# Perfect Bug Out Bicycle?



## Turtle (Dec 10, 2009)

I just read an article about this bike in a magazine, and it instantly struck me as a perfect platform for a bug-out bike!

http://moots.com/afternoon-ti/trail-maintenance-bike/


----------



## Sentry18 (Aug 5, 2012)

That looks much better than mine!


----------



## OldCootHillbilly (Jul 9, 2010)

Sentry18 said:


> That looks much better than mine!


Sentry, but yall got the chainsaw runnin the front wheel. Much better use a that there gas engine!

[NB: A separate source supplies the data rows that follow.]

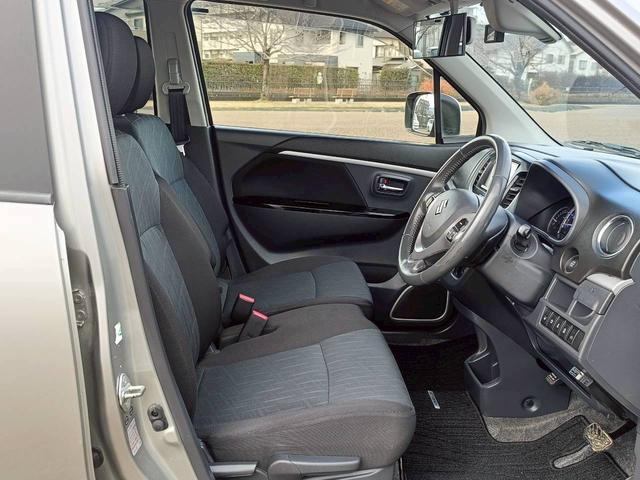 ワゴンＲスティングレー Ｔ　メモリーナビ　フルセグＴＶ　ＨＩＤヘッドライト　衝突軽減ブレーキ　前ドラレコ　シートヒーター　Ｂｌｕｅｔｏｏｔｈ　クルコン　純正１５インチアルミ　ＥＴＣ（34枚目）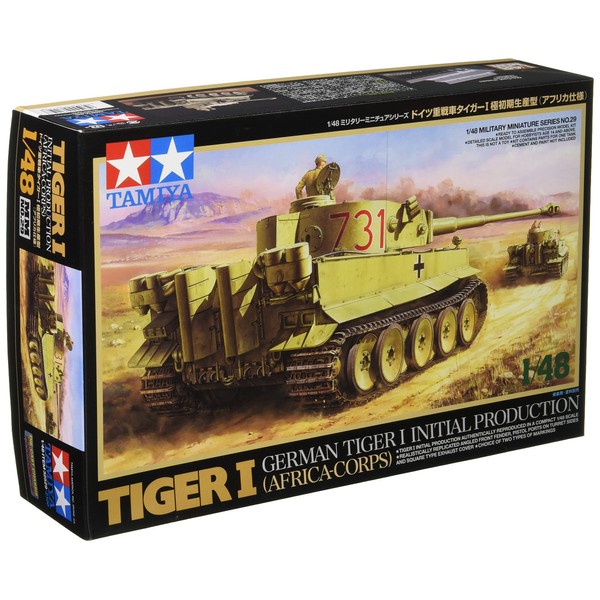 TAMIYA – Tiger I North Africa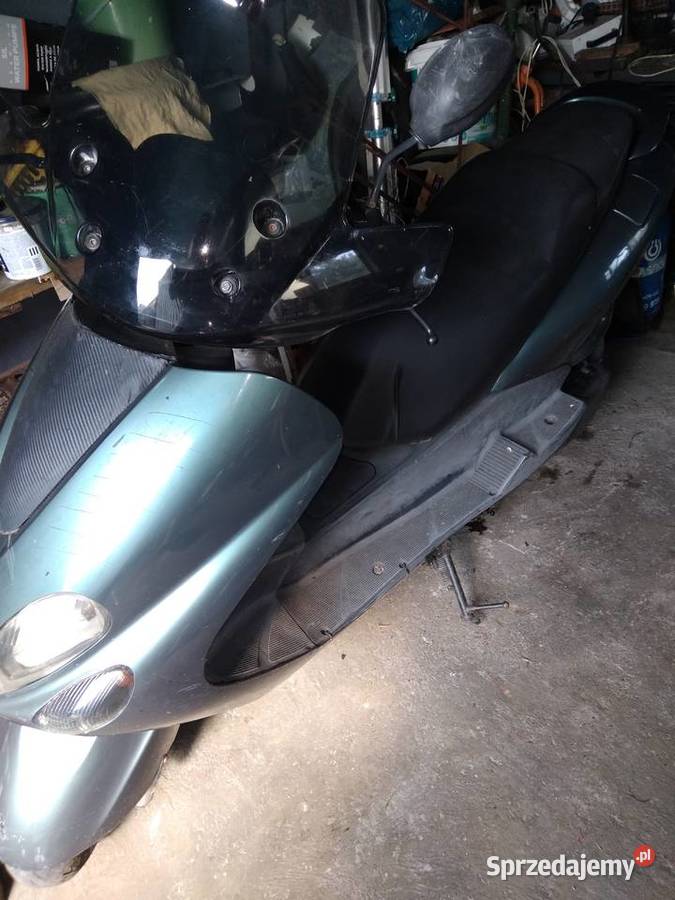 Skuter mbk skyliner 125 opolskie Popielów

I got a 3 wheeled one with a basket on the back (yeah, I'm gettin ta be a old fart) what could be used fer gatherin up stuff. Plus, I thin a feller could make a hitch perty easy fer a small trailer. Just don't wanna get everthin to heavy cause the old fat man don't peddle like he use ta!


----------



## RevWC (Mar 28, 2011)

Turtle said:


> I just read an article about this bike in a magazine, and it instantly struck me as a perfect platform for a bug-out bike!
> 
> http://moots.com/afternoon-ti/trail-maintenance-bike/


I am concerned it only holds one six pack....


----------



## Turtle (Dec 10, 2009)

RevWC said:


> I am concerned it only holds one six pack....


Excellent point. I'm just happy that they included it as a design feature.


----------



## Sentry18 (Aug 5, 2012)

This model is the RevWC special edition, but it only holds two beers.


----------



## RevWC (Mar 28, 2011)

Sentry18 said:


> This model is the RevWC special edition, but it only holds two beers.


At least I can make it through the day!


----------



## Caribou (Aug 18, 2012)

Sentry18 said:


> This model is the RevWC special edition, but it only holds two beers.


Two beers is perfect, I believe in moderation. Does it come with sipper tubes like they have for hydration packs?:beercheer:


----------



## crabapple (Jan 1, 2012)

I like variety, can one have Shine & the other ale.


----------



## prepperware (Jul 28, 2012)

I'd like to get one of the "cargo bikes" but the are expensive!


----------



## LincTex (Apr 1, 2011)

Turtle said:


> I just read an article about this bike in a magazine, and it instantly struck me as a perfect platform for a bug-out bike!


It's awesome, but I can certainly imagine what it costs.


----------